* _Goal of the exercise_: Scan the listing below for the word "Decoration", then copy each line that has it.
Material provided below:
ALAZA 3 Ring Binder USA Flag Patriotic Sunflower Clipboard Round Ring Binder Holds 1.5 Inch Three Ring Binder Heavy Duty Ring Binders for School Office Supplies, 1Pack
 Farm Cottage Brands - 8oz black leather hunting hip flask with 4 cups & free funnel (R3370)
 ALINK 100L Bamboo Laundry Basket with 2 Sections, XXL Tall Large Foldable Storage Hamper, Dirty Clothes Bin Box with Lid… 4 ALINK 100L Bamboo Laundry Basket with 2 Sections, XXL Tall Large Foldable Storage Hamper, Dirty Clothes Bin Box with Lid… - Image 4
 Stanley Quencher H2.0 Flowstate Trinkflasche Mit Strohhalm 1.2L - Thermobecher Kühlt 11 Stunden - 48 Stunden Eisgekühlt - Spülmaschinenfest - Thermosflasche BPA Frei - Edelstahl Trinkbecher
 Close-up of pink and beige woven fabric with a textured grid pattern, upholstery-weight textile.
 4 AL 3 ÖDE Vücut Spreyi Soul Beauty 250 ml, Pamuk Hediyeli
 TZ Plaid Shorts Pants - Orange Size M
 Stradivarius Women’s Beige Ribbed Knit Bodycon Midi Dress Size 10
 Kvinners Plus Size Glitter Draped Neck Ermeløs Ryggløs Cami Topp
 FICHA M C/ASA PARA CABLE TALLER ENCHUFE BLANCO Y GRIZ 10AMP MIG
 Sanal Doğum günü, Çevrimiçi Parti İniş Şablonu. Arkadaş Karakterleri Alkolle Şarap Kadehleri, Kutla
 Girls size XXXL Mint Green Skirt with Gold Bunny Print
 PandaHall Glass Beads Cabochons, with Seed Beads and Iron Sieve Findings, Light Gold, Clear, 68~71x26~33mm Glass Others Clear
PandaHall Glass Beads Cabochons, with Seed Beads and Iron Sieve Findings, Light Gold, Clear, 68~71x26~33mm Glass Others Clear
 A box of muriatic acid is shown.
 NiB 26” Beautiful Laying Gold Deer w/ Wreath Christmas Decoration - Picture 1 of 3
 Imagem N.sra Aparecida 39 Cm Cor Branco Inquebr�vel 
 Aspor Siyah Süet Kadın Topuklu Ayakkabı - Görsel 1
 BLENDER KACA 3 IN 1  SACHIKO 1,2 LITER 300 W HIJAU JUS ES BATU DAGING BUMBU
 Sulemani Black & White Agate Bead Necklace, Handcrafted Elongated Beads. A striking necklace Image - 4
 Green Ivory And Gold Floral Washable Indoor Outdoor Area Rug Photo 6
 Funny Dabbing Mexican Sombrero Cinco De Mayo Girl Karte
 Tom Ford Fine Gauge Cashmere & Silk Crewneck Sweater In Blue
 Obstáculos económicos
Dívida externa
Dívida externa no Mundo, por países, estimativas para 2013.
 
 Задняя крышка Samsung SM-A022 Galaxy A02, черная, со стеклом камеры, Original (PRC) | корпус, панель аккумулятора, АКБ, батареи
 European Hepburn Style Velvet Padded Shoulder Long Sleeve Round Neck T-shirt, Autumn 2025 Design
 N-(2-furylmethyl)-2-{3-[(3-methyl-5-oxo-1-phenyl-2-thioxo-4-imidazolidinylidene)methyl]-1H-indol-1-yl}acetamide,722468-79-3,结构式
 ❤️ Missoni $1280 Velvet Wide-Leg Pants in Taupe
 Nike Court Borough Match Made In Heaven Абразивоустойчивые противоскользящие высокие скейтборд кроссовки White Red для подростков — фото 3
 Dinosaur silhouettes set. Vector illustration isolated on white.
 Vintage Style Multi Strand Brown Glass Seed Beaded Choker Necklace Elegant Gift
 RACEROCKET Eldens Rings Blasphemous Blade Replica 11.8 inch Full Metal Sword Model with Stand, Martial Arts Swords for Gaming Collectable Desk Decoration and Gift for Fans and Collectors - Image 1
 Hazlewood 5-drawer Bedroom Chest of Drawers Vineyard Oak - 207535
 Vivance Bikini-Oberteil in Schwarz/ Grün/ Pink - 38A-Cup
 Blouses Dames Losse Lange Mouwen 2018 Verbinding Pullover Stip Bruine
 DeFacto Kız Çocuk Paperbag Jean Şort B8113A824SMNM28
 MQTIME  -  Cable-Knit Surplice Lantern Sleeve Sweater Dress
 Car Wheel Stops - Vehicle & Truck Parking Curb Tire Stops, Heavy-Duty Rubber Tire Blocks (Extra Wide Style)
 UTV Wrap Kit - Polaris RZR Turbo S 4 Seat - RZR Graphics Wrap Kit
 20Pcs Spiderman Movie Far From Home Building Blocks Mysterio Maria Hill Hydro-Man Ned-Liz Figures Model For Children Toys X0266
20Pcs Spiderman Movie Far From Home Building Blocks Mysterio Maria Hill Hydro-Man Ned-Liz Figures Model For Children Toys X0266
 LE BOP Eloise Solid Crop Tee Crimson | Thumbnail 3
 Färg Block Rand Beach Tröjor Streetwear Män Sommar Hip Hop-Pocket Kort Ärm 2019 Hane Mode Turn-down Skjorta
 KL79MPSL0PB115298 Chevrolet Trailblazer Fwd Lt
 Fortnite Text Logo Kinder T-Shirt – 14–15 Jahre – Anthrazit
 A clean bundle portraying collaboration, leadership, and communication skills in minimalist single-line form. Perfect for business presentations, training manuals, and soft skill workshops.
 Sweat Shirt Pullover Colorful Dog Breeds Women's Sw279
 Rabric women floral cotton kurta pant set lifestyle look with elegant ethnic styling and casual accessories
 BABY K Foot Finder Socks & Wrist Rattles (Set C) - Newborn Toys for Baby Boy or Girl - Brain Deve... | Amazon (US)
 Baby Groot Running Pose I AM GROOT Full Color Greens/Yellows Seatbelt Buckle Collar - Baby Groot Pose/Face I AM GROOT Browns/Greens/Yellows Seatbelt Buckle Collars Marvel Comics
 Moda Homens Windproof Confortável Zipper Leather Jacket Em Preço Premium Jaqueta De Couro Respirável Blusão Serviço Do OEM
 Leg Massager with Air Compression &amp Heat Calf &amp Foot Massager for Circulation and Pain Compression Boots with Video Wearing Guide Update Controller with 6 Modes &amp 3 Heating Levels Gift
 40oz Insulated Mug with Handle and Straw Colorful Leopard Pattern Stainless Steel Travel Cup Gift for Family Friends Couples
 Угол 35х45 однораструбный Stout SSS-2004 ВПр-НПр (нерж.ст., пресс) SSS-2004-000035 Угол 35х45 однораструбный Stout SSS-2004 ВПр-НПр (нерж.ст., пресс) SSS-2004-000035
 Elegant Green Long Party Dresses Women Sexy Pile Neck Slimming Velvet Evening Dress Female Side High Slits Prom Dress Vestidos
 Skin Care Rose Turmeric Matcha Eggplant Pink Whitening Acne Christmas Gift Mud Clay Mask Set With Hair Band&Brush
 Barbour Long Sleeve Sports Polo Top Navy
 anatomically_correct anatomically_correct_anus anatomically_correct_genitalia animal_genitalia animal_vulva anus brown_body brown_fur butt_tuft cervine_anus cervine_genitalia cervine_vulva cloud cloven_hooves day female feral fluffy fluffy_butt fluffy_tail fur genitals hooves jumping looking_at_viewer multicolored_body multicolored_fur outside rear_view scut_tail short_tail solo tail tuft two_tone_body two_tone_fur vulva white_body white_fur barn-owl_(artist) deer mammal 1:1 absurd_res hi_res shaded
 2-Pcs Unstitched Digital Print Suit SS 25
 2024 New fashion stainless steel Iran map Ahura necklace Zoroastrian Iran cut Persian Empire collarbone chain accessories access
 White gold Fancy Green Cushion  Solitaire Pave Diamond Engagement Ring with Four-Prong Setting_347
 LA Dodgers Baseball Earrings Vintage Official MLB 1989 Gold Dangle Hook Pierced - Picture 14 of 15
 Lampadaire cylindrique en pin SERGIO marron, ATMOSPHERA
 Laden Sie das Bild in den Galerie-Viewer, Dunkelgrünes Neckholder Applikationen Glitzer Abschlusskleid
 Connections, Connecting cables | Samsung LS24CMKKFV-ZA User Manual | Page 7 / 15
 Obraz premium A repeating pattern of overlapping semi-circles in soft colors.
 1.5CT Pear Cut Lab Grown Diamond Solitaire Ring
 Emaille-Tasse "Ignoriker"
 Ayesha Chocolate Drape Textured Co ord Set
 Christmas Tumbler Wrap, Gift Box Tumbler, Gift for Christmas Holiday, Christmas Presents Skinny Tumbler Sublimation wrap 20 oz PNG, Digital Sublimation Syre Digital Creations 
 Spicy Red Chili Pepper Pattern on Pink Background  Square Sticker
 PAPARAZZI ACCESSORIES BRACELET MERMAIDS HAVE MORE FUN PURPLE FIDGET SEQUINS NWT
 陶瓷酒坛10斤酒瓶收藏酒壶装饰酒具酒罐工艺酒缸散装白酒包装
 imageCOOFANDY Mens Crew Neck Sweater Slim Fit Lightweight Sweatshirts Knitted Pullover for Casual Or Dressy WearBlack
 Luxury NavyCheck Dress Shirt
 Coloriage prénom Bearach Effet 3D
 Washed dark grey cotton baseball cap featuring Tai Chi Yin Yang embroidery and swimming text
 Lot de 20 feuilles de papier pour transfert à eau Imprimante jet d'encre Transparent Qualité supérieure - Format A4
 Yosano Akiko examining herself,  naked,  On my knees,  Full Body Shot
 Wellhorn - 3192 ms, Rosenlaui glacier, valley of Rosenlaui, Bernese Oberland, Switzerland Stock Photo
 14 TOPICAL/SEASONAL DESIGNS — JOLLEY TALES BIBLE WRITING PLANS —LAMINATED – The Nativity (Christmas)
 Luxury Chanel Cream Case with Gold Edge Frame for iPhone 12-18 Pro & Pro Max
End of Material provided.
* _Finished task_:
 NiB 26” Beautiful Laying Gold Deer w/ Wreath Christmas Decoration - Picture 1 of 3
 RACEROCKET Eldens Rings Blasphemous Blade Replica 11.8 inch Full Metal Sword Model with Stand, Martial Arts Swords for Gaming Collectable Desk Decoration and Gift for Fans and Collectors - Image 1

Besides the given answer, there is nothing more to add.